* SUPPLIED DATA
══════════

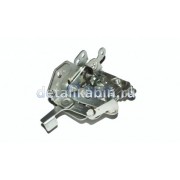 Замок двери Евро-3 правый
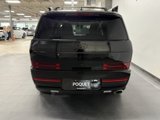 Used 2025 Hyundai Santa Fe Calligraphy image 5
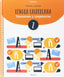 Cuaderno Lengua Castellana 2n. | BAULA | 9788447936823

══════════

* WHAT THE TASK ASKS
Return, exactly as they stand, all of the lines above, but not the pictures.

* SOLUTION TO THIS EXERCISE
 Замок двери Евро-3 правый
 Used 2025 Hyundai Santa Fe Calligraphy image 5
 Cuaderno Lengua Castellana 2n. | BAULA | 9788447936823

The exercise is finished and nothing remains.